LM Studio Local Agent Runbook: Pi and OpenCode Step by Step
A step-by-step runbook for using LM Studio as a local OpenAI-compatible backend for Pi agents and OpenCode, including config examples, verification steps, and troubleshooting.
LM Studio Local Agent Runbook: Pi and OpenCode Step by Step
This is the setup guide I wanted while I was trying to make LM Studio work as a local engine for coding agents.
The goal here is not theory. The goal is to get a model running locally, expose it through LM Studio’s OpenAI-compatible endpoint, wire it into Pi or OpenCode, and verify that the whole stack is alive before you waste time debugging the wrong thing.
If you want the broader context on why I was doing this and where the setup still falls short, read the companion article:
Using LM Studio and Gemma as a Local Engine for Coding Agents
What you are building
The target architecture is simple:
- LM Studio runs the model locally.
- LM Studio exposes
http://127.0.0.1:1234/v1. - Pi agents or OpenCode point at that endpoint.

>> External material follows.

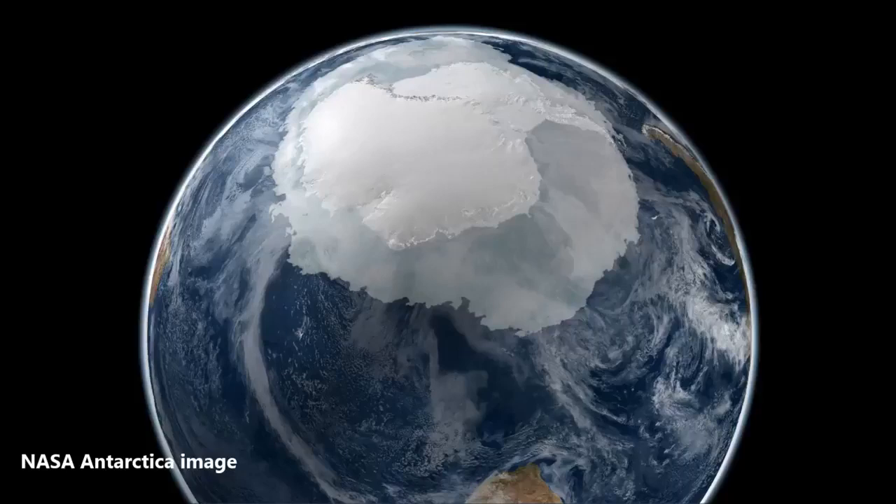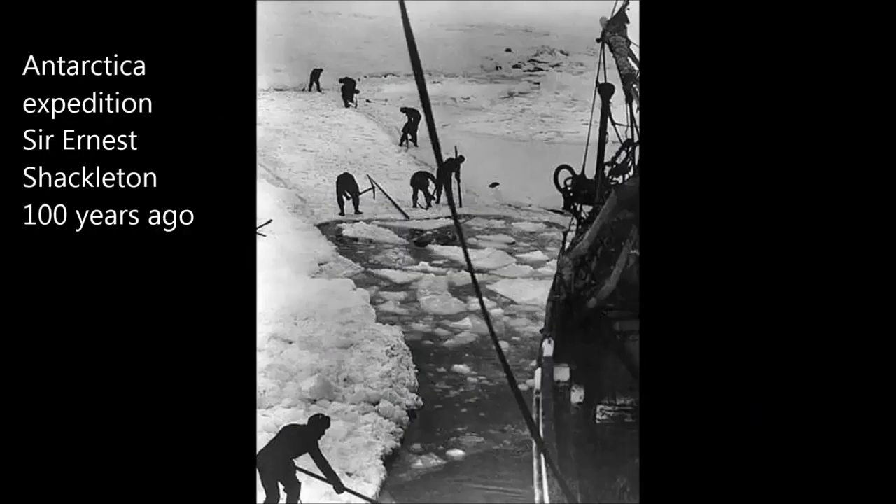One of the most compelling accounts is this one. Operation Highjump put nearly 5,000 U.S. military personnel, along with every resource available to the Navy's disposal, in the hands of Admiral Richard Byrd, the operations leader of the U.S. naval mission, into the Antarctic. We have to take into account that it was an unusually bold move for American military at the time, since nations and world economies were still volatile from the war's aftermath.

- Your agent harness uses LM Studio as if it were an OpenAI-compatible backend.
That does not give you a perfect local agent. It gives you a local model backend that your agent can talk to.
Prerequisites
Before you start, make sure you have:
- LM Studio installed
- at least one model downloaded in LM Studio
- a model that actually fits your machine
- Pi or OpenCode available locally if you want to test integration immediately
One practical warning up front: model selection is constrained by memory much faster than people expect.
For example, I hit memory trouble when pushing into Qwen 35B-class MLX setups. Bigger is not automatically better if the runtime becomes unstable or dies during actual agent work.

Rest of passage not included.